“Ubiquitous” Access

We take for granted the access we have to not only information, but our own intellectual property. Even prior to the internet, way too many of us acknowledged the presence of physical libraries, but rarely enjoyed their resources, often out of sheer laziness or ingratitude.

You can chart a direct path from the newspaper to the web of each being replaced by the next, not for its inferiority, but out of sheer convenience. Mailed-to-your-door Magazines and TV, while less informative, were chosen instead because the user experience is far easier. This mentality has translated well to the web, where long-format criticism and research is relegated to the snobbish corners of Mother Jones and Slate, maybe seeing the light of day to a broad audience when excerpted by the Huffington Post. Blogs are losing fashion against social, yet while Instagram and Twitter continue to explode in popularity, they do so in response to the “hassle” of Facebook (which knocked off the even clunkier MySpace).

The frictionless distribution method actually makes best sense considering what passes for breaking news. Rarely is there need for any archiving the day to day of who Jennfier Anniston is marrying (again), or even what responsive images solution the nerds are bantering about this week. Even e-newsletters are feeling downright antiquated in some instances, such as the “tip” I received from the Graphic Artists Guild this afternoon regarding Adobe’s security breach (almost four weeks after the fact).

No doubt salivating over the savings of moving away from physical objects content publishers rushed to embrace the web themselves. They’re since learning their mistake, scrambling to keep their products from being “shared” freely. Their collective panic has resulted in perverted and selective copyright restrictions, bizarre penalties for search innovators and “users,” and ineffectual policing of download sites (many of which they unknowingly subsidize through scattershot PPC marketing).

Apple has become a leader in developing digital rights management, but not with any intention of protecting creators’ rights. DRM (for Apple) is instead an invisible form of high-end security guard — one that follows you home and makes sure you dont play it on too many devices, share it, move it or do much of what many of us have taken for granted all along.
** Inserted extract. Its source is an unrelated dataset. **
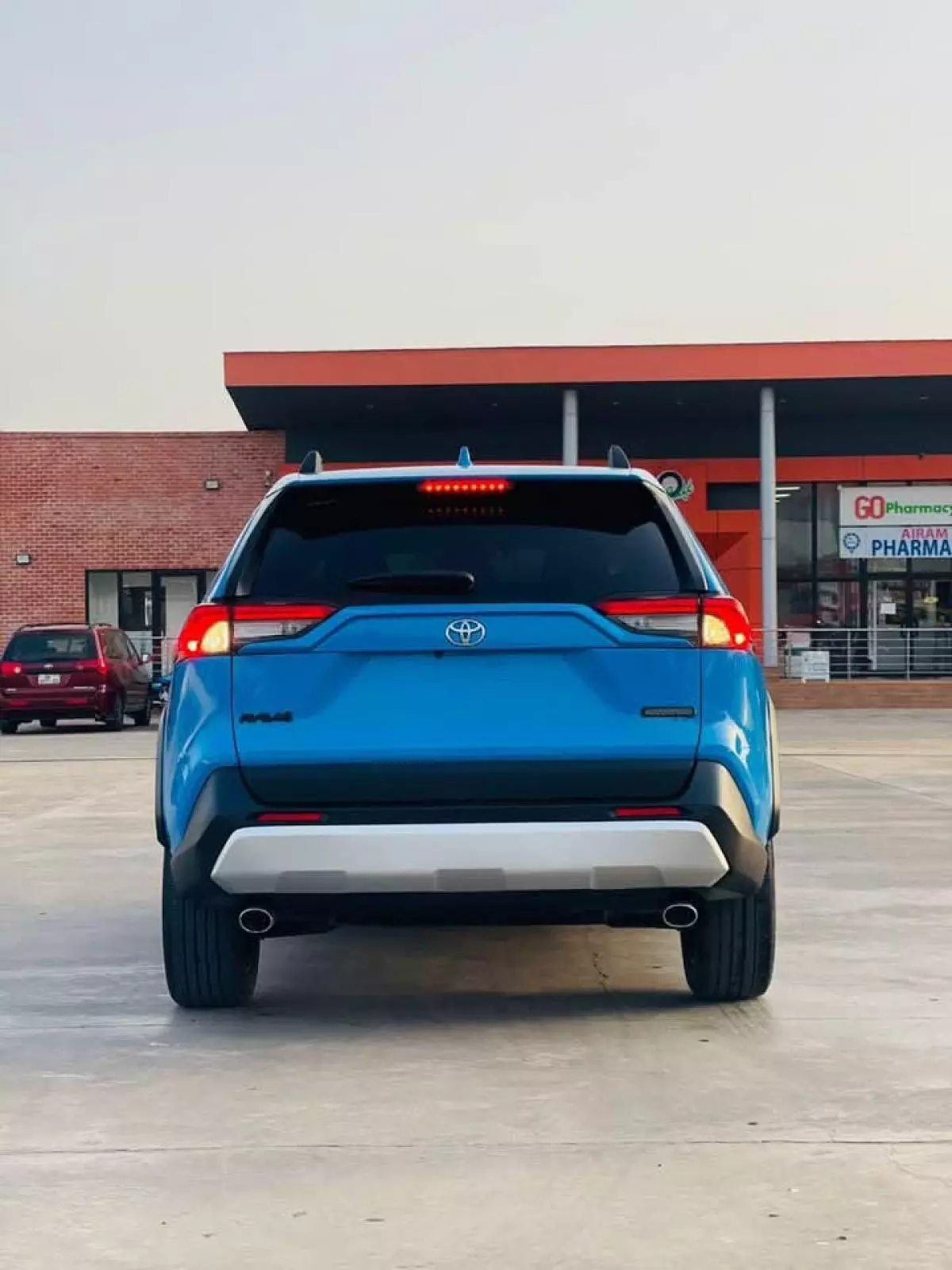 Toyota RAV 4   - 2019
The true role of DRM became strikingly clear last night, tying together the thoughts and reading over the past few days. Having installed OSX Mavericks, I was pleased to see they have included the iBooks app on the desktop. Launching it, I was surprised to see my library (as I know it on my phone and tablet) instead completely empty. Even signed in with the same Apple ID, I am unable to sync any of my books — all carefully curated to include only legal and paid-for- titles.

I use a second, older Mac as a print and media station, using it for my music and reading libraries. Because I need to support my older large-format printer, this machine is running OS 10.3, which understandably, cannot support the desktop version of iBooks as Mavericks does. The library and source app for my devices all live on this machine within iTunes, and sync fine to the devices, and yet my main machine running Mavericks ignores these.

Looking past what I hope is a momentary glitch in a new OS release that will be soon corrected in a dot release, there is a larger underlying issue that concerns me, more directly to my original thought. All of these texts are Creative Commons downloads, or from European and small-press publishers. They were purchased from the author directly. If I had purchased them through iTunes, and Apple had received their statutory 30%, I would have access to them.

Are we moving towards a point of no return in which, in order to read anything at all, we will be beholden to Apple’s permission? What does this mean to those who dont have access to iDevices, or if do, can’t afford pay-per-view information? Will authors have no recourse but to resign themselves to iTunes Terms & Conditions in order for their work to be read? When these technologies inevitably shutter physical libraries, will we return to a neo-medieval serfdom of a learned “priesthood” and an ignorant rabble? Are we already there?

Adobe’s Creative Cloud poses similar challenges to me, professionally. While the ability to color correct a photo is far less dire to a healthy democracy than widespread literacy, it is how I make my living. I rely on Adobe’s tools to an excruciating degree. Their new subscription model was met with a lot of resistance, including from me, as it finally puts in ink how co-dependent the entire industry is on one supplier. Eventually, I softened to the idea and, mostly out of necessity having to teach the newest versions, I enrolled. Just before installing Mavericks, I finally took the leap and removed redundnant copies of CS6 from my machine.

Last night, my internet went down, as did my connection to the Cloud. Rather than cuss out AT&T, I did what I normally would do: launch Illustrator and get back to work off-line. Instead Adobe wouldn’t let me open any of my apps. Apps I have paid for — in fact my October ransom went through less than a week ago — stopped working. When selling the Cloud, Adobe promised this wouldn’t happen. In less than six months it did.

Now, I realize that after a major OS install Adobe wants me to confirm my registration. And that my internet outage and OS update coincided is an outlying condition. But its the effect, however temporary, that proves my point exactly.

With the bulk of our lives online, too much of our power is held in the hands of others. Property rights, once transferred when the money in my possession was traded for an item in their possession, have been modified to leave the money AND the item with the seller. Without the internet, I can’t read, and now, I can’t work.

This arrangement is precarious at best. As designers, this should become our all-consuming dillemma. One we have an obligation to design our way out of.